After I confessed some of the stupid decisions we've made during our financial dry spell, a woman told me her family, in similar straits, went to Disney World: "We'd paid for the trip before my husband got laid off. We couldn't get a refund. To cancel seemed foolish."

I nodded, understanding. "But because we went," she said, "people wonder now—even after two years of unemployment—how broke could we really be?"

Once upon a time, I'd have wondered the same thing. I'd have judged and murmured, curious how an unemployed, broke person manages Disney World.

Just like how I'd have joined the ranks mocking Hillary Clinton and her "dead broke"-ness upon leaving the White House. I don't care how many millions of dollars in legal debt you accrued!How broke can you be with a presidential pension?
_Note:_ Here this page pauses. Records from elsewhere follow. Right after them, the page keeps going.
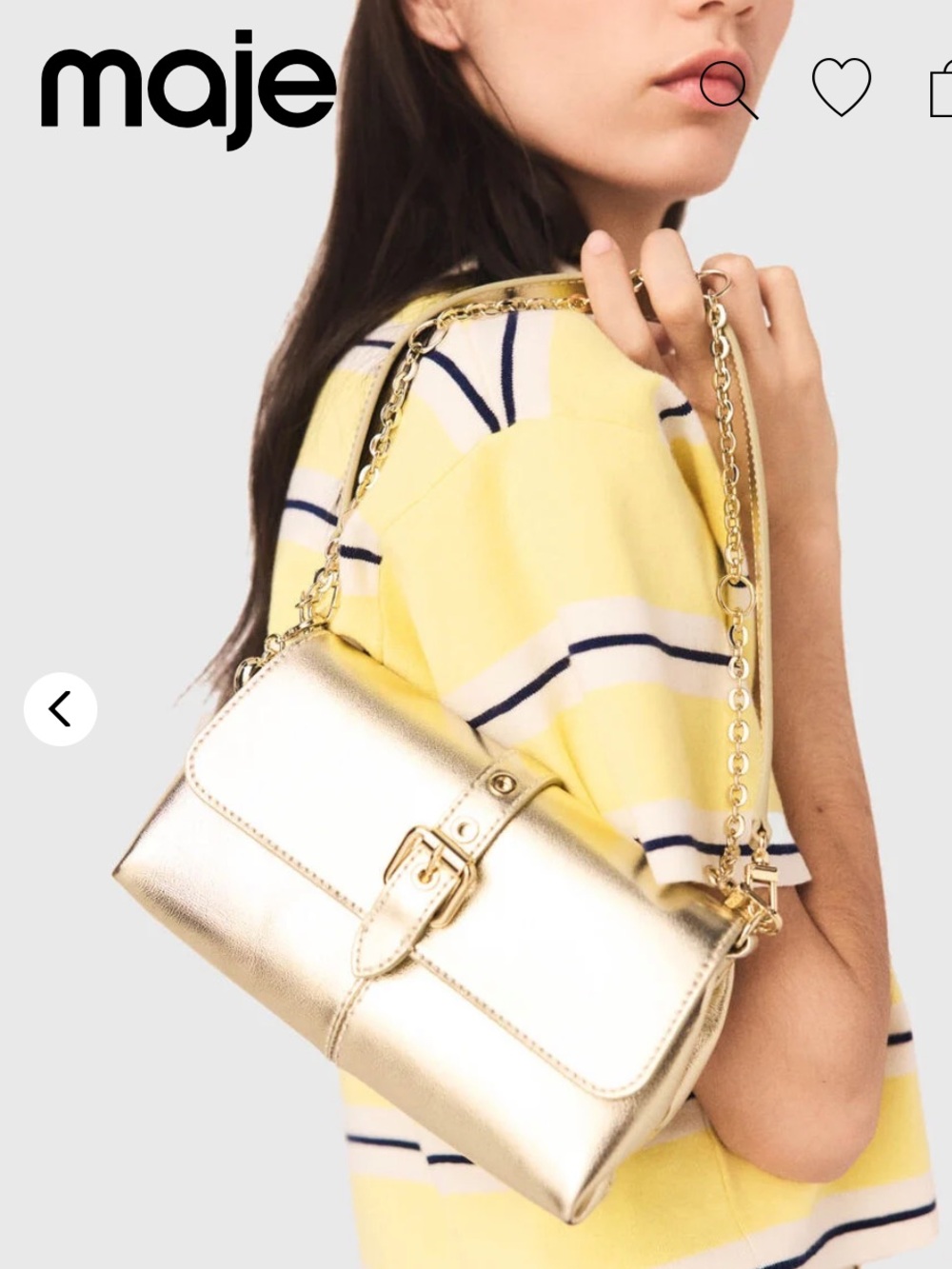 NWT Maje Metallic Gold Chain Shoulder Bag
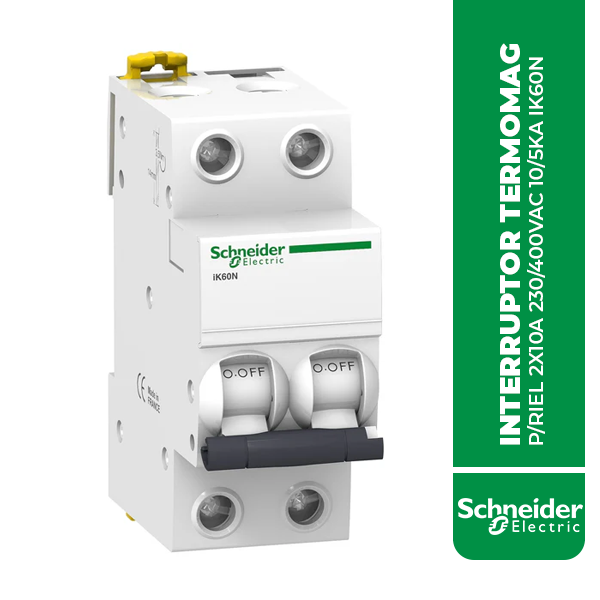 SE.A9K24210 INTERRUPTOR TERMOMAG P/RIEL 2X10A 230/400VAC 10/5KA IK60N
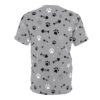Black and white paw prints and fish skeletons cover this grey full print tee, scattered with small white dots.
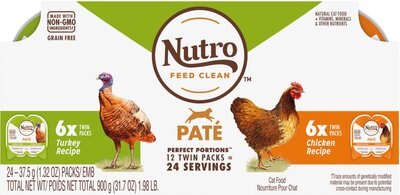 Nutro Perfect Portions Grain-Free Multi-Pack Real Turkey & Real Chicken Paté Recipe Cat Food Trays, slide 1 of 1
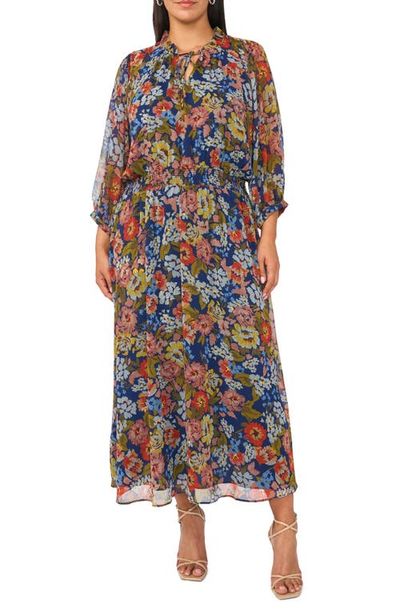 Vince Camuto Vince Camuto Tie Neck Puff Sleeve Maxi Dress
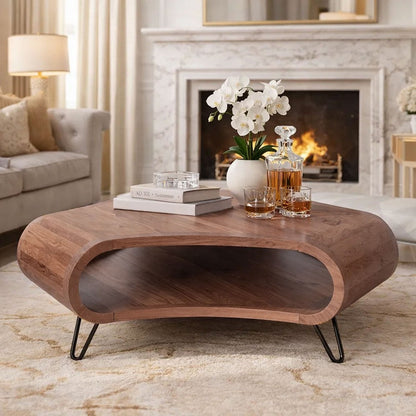 37 Inch Coffee Table, Handcrafted Curved Hexagon Shape with Open Shelf, Natural Brown Acacia Wood, Iron Legs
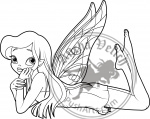 Adorable fairy coloring page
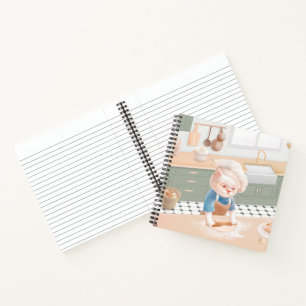 Cat Chef Baking in the Kitchen Notebook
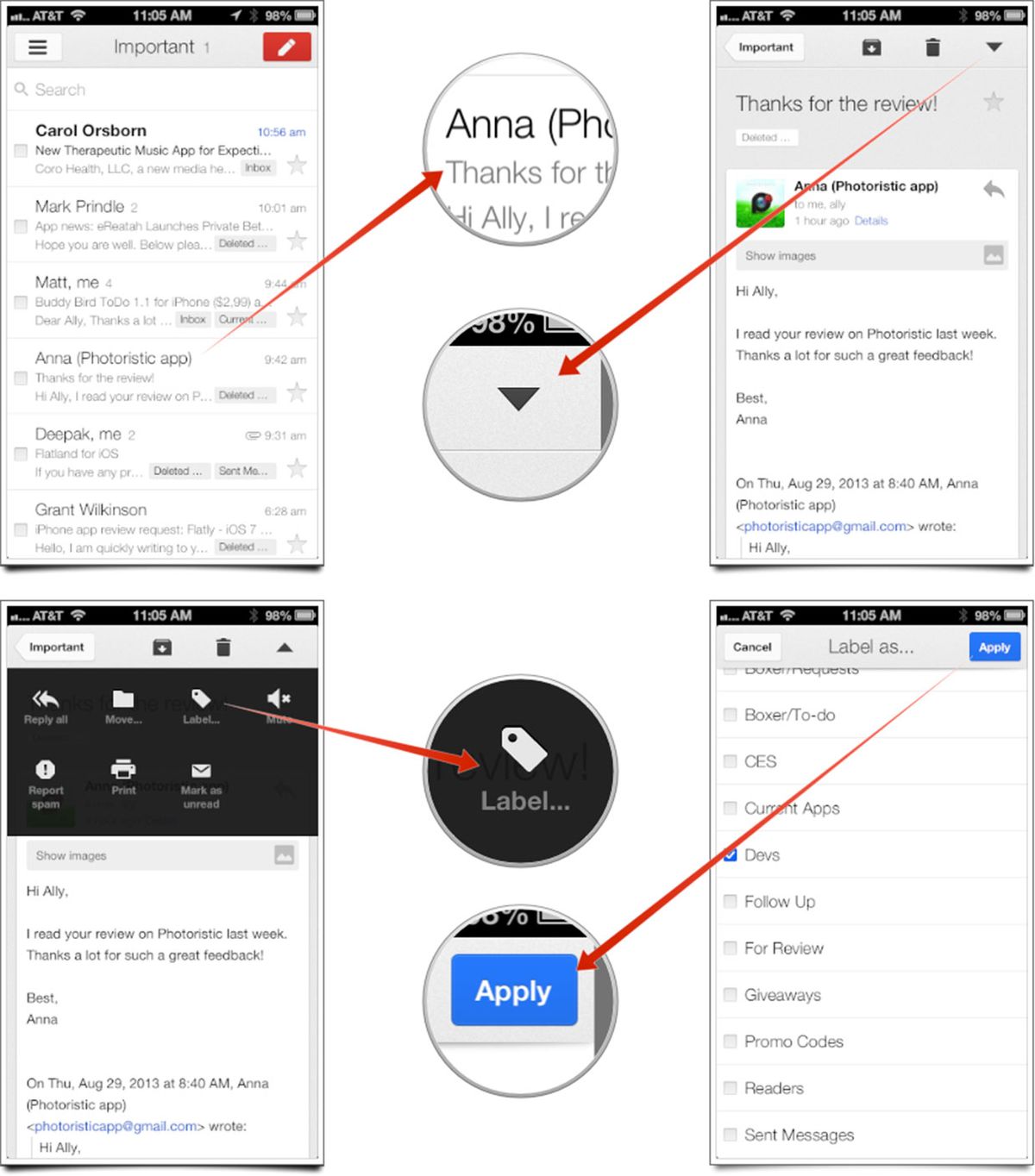 how to send email to label group in gmail app iphone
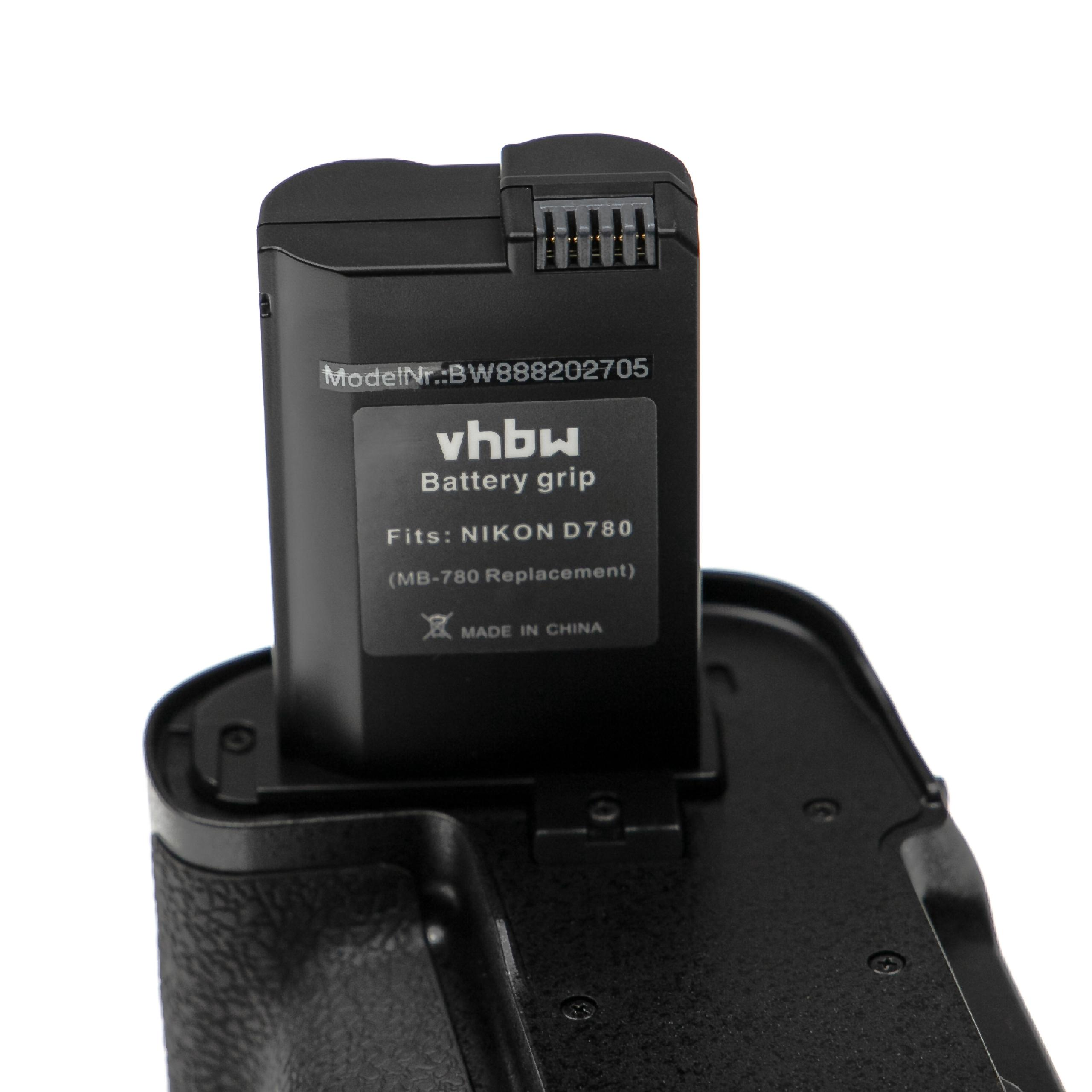 Ein schwarzer Batteriegriff mit dem Logo 'vhbw', passend für eine Nikon D780. Er hat einen Anschluss und ist mit 'Made in China' beschriftet.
But this attitude changes fast when the questions make an about-face. Since I've gone public with my own family's story of going broke, I've faced down the same ones:

You live in a cushy suburb. How broke can you be?

You never sold your diamond engagement ring. How broke can you be?

You guys went camping. How broke can you be?

You color your grays. How broke can you be?

Didn't I see you in the McDonald's drive-thru? How broke can you be?

And my all-time favorite:

You got a book deal. How broke can you be?

Aside from the book-deal one (ummmm, see: Edgar Allan Poe, Oscar Wilde, Herman Melville, et al. Not saying I'm in their league. But if they died broke…), I've struggled to answer these questions myself, hemming and hawing, trying to explain, to justify.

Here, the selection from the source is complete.